Lors de cet échange avec les hommes et femmes de médias, le leader de RHM a réaffirmé la position de son parti et celle de certains de ses alliés de la Coalition à  prendre une part active aux prochaines consultations électorales. Devant les membres des bureaux exécutifs de l’Union nationale, Casimir Oye Mba, Paul Marie Gondjout, Jean gaspard Ntoutoume Ayi et de l’Union et Solidarité, Elza Ritchuelle Boukandou, Nicolas Nguema et Anges Kevin Nzigou, ABC a relevé l’importance que revêt l’Assemblée nationale dans la vie politique de la Nation.
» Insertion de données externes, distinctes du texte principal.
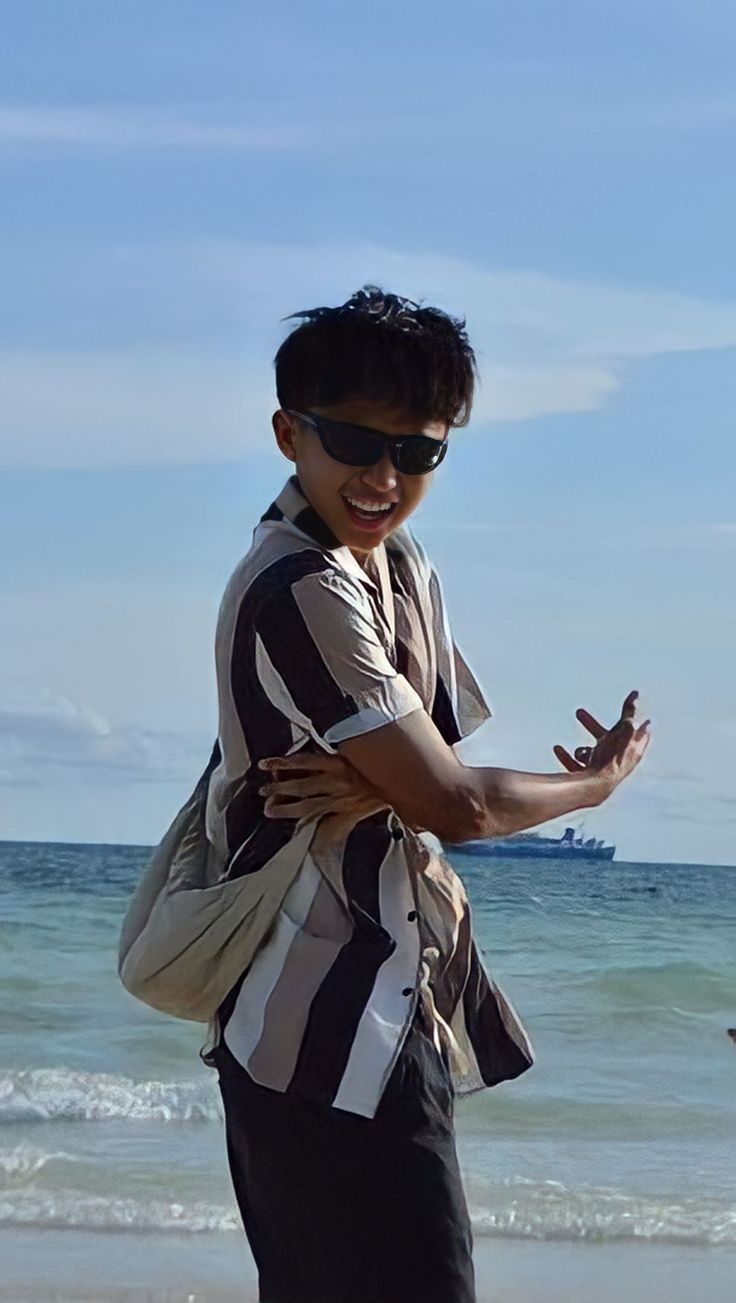 a young man standing on top of a sandy beach next to the ocean with his arms crossed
Pour Alexandre Barro Chambrier, outre cette «tribune de l’expression des différentes sensibilités politiques», il était incongru de penser que l’opposition disposait encore d’un autre espace  d’expression politique. «Il  n’est pas responsable que l’opposition opte pour une auto exclusion du jeu parlementaire, car elle ne le ferait qu’au détriment des intérêts du peuple gabonais, désormais privé de contre poids et de porte-voix au sein de l’Assemblée», a-t-il relevé.

Il a fustigé par la suite le discours sur le boycott, estimant que celui-ci ne pouvait pas être en faveur de l’opposition qui lutte depuis des années pour l’alternance et le changement. «Prôner le boycott revient tout simplement à consolider le pouvoir du régime que nous combattons, et qui n’en demande pas tant. Prôner le boycott, revient à priver l’immense majorité des gabonais qui attendent impatiemment l’occasion de ces législatives pour confirmer les résultats de l’élection présidentielle de 2016 et ensevelir le système PDG», a martelé le premier responsable du Rassemblement Héritage et modernité.  

Par ailleurs, il a réaffirmé la volonté de son parti de poursuivre le dialogue avec le peuple afin d’expliquer les enjeux de ce prochain scrutin, mais aussi avec les partis alliés de la Coalition pour la nouvelle République formée autour de Jean Ping, «le président Élu des gabonais», a-t-il martelé.